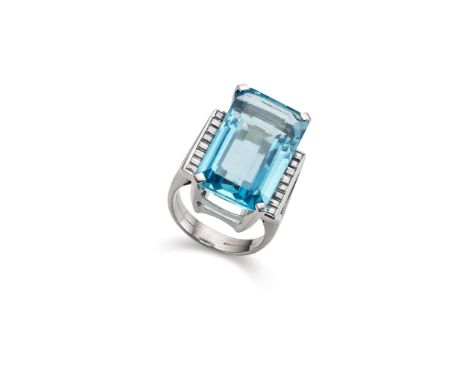  An aquamarine and diamond dress ring  The step-cut aquamarine, in a four-claw setting, between courses of baguette-cut diamo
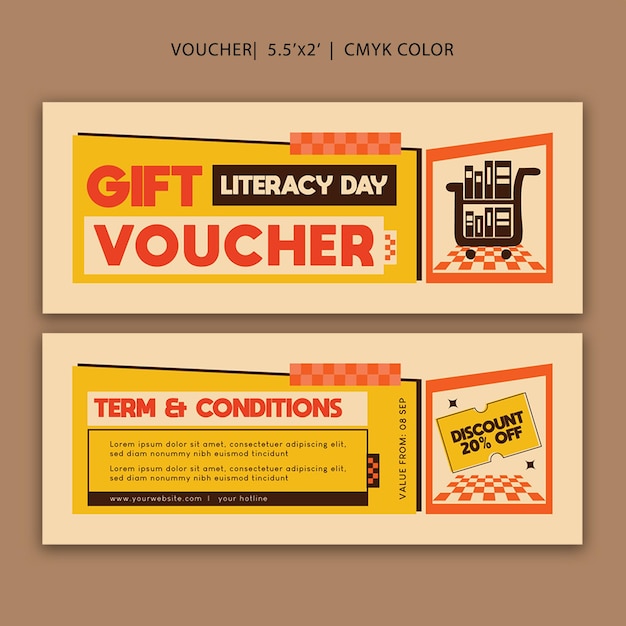 Vector international literacy day voucher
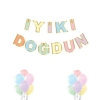 Kağıt Banner Varak Baskılı Makaron Banner İyi Ki Doğdun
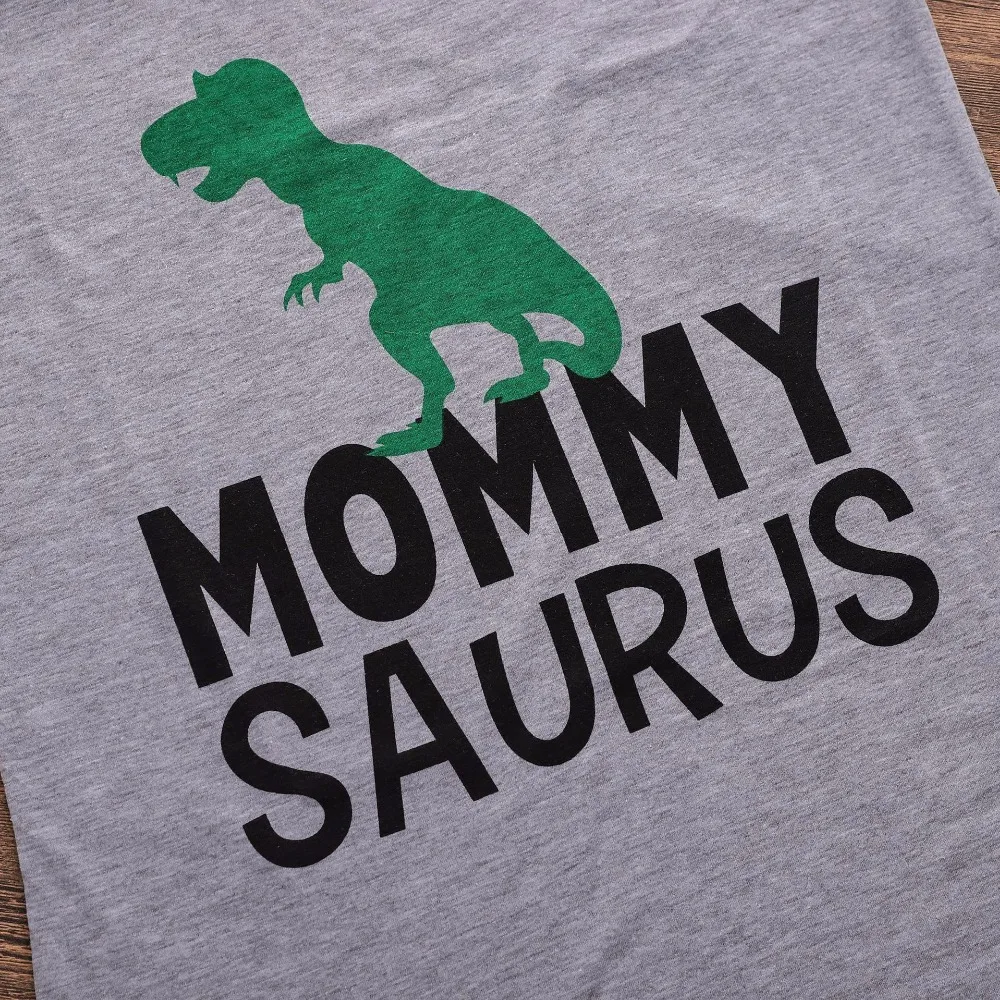 Семейная футболка рубашка с динозаврами из мультфильма летняя футболка с короткими рукавами для малышей Детская футболка с надписью «папа мама»
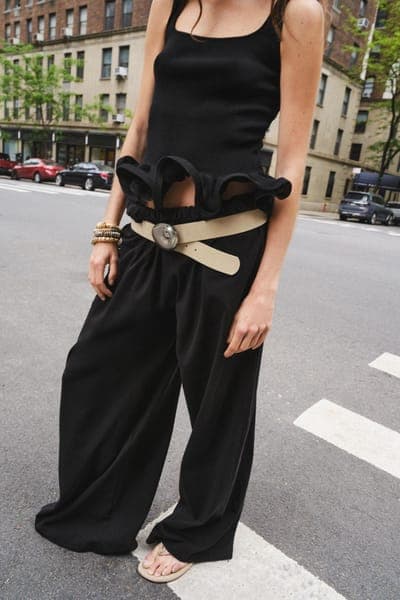Zara — Ремень замшевый с пряжкой-ракушкой 5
────────────────────────────────────────
WORK TO BE COMPLETED: Quote exactly, and nothing besides, the lines from the one with "Vector international literacy day voucher" through the end of the records above; include both ends and omit the pictures.

ANSWER FOR THIS EXERCISE:
 Vector international literacy day voucher
 Kağıt Banner Varak Baskılı Makaron Banner İyi Ki Doğdun
 Семейная футболка рубашка с динозаврами из мультфильма летняя футболка с короткими рукавами для малышей Детская футболка с надписью «папа мама»
Zara — Ремень замшевый с пряжкой-ракушкой 5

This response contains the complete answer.